Requirement. Would you repeat word for word the lines of the listing that follows, from the one with "#3. Car Parking" up to and including the one with "9 Cortadores Galletas", and leave out the images?

[Dataset records — start]

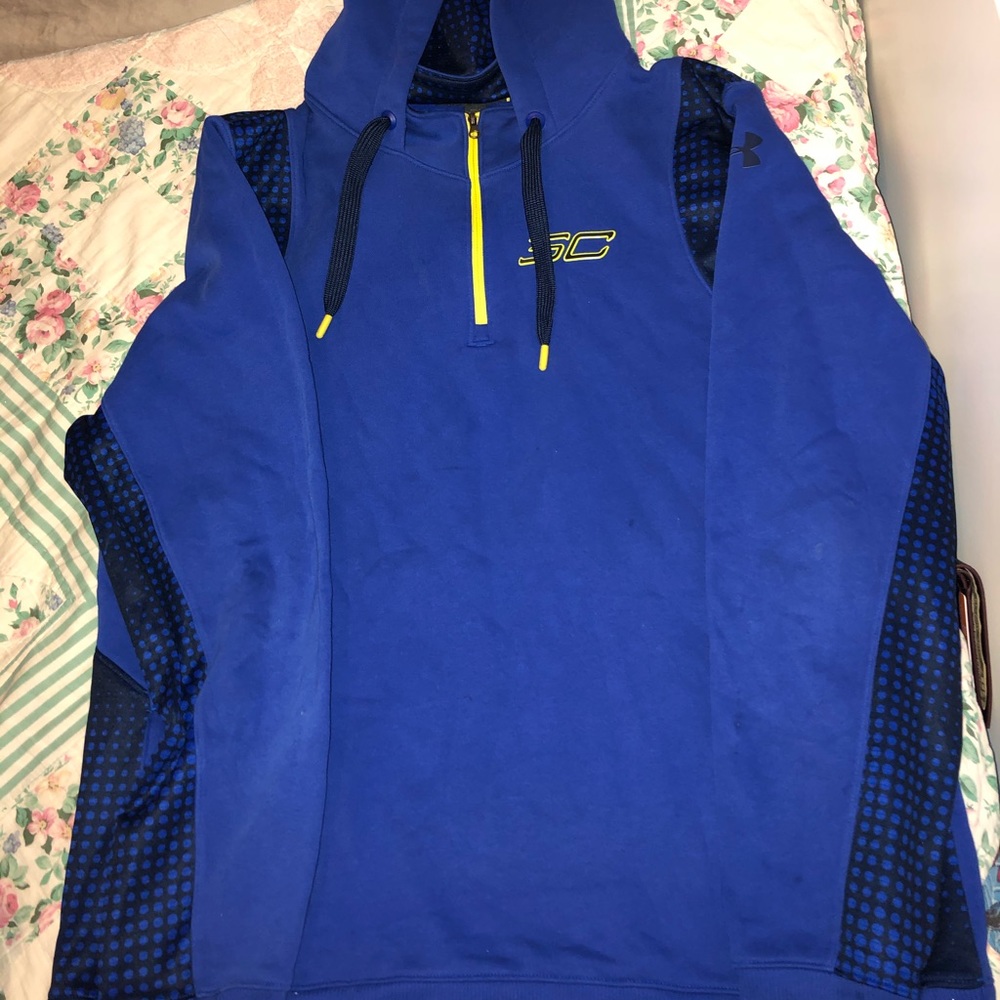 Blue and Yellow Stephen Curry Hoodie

[Dataset records — finish]
[Dataset records — start]

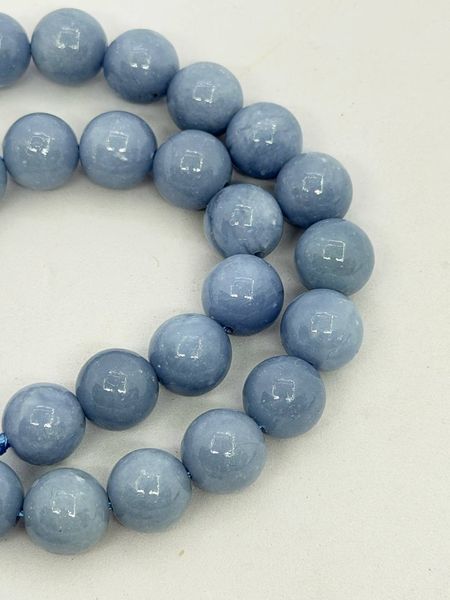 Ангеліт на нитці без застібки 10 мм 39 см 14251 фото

[Dataset records — finish]
[Dataset records — start]

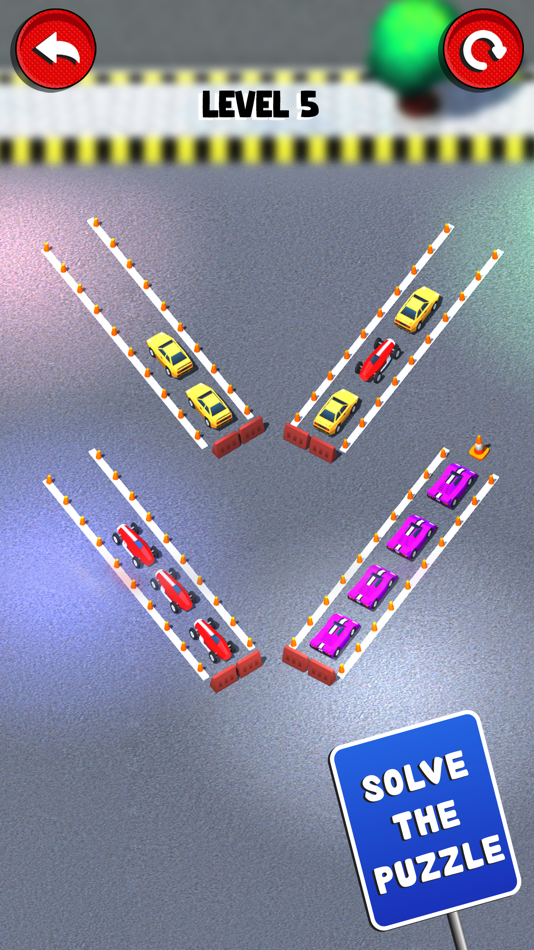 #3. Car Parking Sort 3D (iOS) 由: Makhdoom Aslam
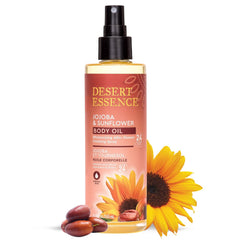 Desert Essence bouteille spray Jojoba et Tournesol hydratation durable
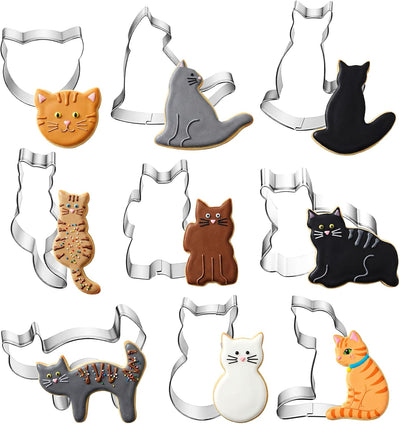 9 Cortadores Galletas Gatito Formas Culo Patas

[Dataset records — finish]

Finished exercise.
 #3. Car Parking Sort 3D (iOS) 由: Makhdoom Aslam
 Desert Essence bouteille spray Jojoba et Tournesol hydratation durable
 9 Cortadores Galletas Gatito Formas Culo Patas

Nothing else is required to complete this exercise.